▶ WHAT YOU WILL DO:
Starting with the line that has "agáma parvovírus bp", retype each line down to the end of the entries below, without leaving any out or adding any.

▶ INFORMATION PROVIDED:

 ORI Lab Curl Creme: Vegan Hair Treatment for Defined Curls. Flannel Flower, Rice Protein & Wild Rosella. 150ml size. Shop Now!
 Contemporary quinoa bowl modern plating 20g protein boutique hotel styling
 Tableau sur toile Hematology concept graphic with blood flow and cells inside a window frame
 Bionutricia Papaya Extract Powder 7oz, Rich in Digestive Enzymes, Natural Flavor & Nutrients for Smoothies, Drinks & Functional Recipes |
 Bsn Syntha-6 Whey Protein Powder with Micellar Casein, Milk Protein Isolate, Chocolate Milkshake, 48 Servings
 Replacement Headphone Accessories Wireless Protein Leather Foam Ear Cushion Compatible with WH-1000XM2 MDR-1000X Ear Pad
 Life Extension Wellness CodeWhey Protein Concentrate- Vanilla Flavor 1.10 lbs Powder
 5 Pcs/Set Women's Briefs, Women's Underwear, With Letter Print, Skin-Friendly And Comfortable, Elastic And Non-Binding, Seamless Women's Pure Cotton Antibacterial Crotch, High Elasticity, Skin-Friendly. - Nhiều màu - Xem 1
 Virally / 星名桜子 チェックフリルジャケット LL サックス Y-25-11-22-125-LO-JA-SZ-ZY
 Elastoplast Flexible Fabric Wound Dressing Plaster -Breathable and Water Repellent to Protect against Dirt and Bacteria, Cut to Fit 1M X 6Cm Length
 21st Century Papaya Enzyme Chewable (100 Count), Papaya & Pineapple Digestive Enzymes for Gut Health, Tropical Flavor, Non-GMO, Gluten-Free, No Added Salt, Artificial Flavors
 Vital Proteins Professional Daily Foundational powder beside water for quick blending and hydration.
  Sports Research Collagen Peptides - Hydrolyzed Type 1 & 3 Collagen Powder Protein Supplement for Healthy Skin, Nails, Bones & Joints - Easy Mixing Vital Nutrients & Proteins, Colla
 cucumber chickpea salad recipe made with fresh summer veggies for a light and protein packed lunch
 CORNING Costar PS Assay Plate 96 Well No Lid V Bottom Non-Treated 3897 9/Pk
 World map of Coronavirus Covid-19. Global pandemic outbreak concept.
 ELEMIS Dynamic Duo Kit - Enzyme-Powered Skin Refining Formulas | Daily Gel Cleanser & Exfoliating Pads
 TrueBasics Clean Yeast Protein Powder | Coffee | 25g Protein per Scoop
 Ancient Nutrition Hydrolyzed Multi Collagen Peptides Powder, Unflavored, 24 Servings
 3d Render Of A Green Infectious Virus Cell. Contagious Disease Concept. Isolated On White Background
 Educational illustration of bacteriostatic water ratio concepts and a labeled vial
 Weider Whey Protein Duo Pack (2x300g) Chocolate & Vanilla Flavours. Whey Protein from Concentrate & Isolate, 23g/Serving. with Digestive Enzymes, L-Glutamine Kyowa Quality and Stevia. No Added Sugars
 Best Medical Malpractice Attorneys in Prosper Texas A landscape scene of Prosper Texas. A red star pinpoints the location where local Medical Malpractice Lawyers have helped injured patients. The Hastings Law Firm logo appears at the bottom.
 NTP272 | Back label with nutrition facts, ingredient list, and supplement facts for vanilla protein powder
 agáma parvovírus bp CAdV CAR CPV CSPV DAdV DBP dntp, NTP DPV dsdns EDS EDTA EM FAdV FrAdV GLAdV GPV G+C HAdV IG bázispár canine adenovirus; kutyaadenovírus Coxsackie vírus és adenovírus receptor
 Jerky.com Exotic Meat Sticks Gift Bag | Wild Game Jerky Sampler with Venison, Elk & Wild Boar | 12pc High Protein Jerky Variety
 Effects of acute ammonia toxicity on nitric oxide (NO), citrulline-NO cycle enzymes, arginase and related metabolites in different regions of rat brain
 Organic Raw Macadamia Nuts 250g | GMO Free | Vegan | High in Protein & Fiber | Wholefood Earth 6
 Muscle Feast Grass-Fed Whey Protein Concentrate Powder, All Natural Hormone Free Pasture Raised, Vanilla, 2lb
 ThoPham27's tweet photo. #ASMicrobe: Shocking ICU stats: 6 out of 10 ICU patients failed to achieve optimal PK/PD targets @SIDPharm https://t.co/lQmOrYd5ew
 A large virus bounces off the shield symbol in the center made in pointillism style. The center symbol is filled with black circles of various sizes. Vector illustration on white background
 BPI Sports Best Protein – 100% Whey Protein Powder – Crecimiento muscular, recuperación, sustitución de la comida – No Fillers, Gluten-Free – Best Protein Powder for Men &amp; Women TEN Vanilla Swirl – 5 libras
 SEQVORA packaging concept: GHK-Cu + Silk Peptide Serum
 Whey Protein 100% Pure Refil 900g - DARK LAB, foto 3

▶ YOUR RESPONSE:
 agáma parvovírus bp CAdV CAR CPV CSPV DAdV DBP dntp, NTP DPV dsdns EDS EDTA EM FAdV FrAdV GLAdV GPV G+C HAdV IG bázispár canine adenovirus; kutyaadenovírus Coxsackie vírus és adenovírus receptor
 Jerky.com Exotic Meat Sticks Gift Bag | Wild Game Jerky Sampler with Venison, Elk & Wild Boar | 12pc High Protein Jerky Variety
 Effects of acute ammonia toxicity on nitric oxide (NO), citrulline-NO cycle enzymes, arginase and related metabolites in different regions of rat brain
 Organic Raw Macadamia Nuts 250g | GMO Free | Vegan | High in Protein & Fiber | Wholefood Earth 6
 Muscle Feast Grass-Fed Whey Protein Concentrate Powder, All Natural Hormone Free Pasture Raised, Vanilla, 2lb
 ThoPham27's tweet photo. #ASMicrobe: Shocking ICU stats: 6 out of 10 ICU patients failed to achieve optimal PK/PD targets @SIDPharm https://t.co/lQmOrYd5ew
 A large virus bounces off the shield symbol in the center made in pointillism style. The center symbol is filled with black circles of various sizes. Vector illustration on white background
 BPI Sports Best Protein – 100% Whey Protein Powder – Crecimiento muscular, recuperación, sustitución de la comida – No Fillers, Gluten-Free – Best Protein Powder for Men &amp; Women TEN Vanilla Swirl – 5 libras
 SEQVORA packaging concept: GHK-Cu + Silk Peptide Serum
 Whey Protein 100% Pure Refil 900g - DARK LAB, foto 3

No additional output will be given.